■ Your task ■
Retype verbatim the lines of the listing, from the very first through the line with "Halloween Scary Nun".

■ Records shown ■
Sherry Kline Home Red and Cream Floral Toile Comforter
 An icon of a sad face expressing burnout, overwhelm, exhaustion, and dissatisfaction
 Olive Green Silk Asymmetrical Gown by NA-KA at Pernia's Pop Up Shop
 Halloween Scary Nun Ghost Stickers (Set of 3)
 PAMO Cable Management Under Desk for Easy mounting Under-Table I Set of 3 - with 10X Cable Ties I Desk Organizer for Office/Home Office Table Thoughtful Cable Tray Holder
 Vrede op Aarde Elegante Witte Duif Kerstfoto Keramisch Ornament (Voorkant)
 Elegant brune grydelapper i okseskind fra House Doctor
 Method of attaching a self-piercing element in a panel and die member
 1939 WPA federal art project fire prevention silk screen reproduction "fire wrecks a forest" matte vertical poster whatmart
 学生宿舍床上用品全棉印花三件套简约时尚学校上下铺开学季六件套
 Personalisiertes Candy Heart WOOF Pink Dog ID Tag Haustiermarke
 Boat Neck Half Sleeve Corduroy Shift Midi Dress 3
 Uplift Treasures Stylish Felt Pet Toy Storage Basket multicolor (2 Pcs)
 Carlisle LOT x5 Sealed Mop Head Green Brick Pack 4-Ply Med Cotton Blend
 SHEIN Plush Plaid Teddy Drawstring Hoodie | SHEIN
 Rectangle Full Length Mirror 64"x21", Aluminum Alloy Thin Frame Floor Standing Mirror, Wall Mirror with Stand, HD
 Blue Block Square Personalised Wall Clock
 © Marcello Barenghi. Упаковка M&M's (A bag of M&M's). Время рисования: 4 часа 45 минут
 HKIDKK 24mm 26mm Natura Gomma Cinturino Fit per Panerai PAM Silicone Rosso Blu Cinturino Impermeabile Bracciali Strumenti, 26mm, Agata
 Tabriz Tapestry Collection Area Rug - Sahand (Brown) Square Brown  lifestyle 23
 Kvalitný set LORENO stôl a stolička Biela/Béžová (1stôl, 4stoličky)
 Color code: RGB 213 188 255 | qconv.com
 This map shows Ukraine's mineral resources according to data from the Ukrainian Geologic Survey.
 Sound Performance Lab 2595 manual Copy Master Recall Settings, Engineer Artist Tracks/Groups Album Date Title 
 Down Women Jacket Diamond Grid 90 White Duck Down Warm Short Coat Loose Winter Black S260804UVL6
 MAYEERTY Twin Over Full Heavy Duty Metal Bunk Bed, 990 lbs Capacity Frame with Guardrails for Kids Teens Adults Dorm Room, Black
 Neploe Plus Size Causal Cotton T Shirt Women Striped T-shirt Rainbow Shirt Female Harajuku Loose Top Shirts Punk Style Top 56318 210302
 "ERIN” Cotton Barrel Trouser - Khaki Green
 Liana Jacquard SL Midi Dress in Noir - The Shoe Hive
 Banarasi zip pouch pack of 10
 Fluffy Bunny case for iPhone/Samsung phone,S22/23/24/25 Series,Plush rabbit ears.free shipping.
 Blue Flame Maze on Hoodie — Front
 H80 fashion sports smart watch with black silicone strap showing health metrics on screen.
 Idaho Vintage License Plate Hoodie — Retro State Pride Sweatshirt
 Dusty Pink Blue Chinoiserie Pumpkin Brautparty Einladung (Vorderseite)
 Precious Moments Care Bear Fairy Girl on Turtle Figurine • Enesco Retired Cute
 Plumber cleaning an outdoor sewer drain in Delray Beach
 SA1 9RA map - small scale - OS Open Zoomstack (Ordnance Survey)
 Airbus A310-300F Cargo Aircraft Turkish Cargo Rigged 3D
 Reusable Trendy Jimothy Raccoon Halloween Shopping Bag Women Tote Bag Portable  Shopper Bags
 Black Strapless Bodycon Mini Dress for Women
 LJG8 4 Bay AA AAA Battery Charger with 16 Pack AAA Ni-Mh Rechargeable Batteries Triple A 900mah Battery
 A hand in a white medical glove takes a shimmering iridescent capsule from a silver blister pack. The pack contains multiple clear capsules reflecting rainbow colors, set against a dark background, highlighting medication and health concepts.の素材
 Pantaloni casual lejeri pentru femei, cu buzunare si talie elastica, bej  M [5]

■ Solution to this exercise ■
Sherry Kline Home Red and Cream Floral Toile Comforter
 An icon of a sad face expressing burnout, overwhelm, exhaustion, and dissatisfaction
 Olive Green Silk Asymmetrical Gown by NA-KA at Pernia's Pop Up Shop
 Halloween Scary Nun Ghost Stickers (Set of 3)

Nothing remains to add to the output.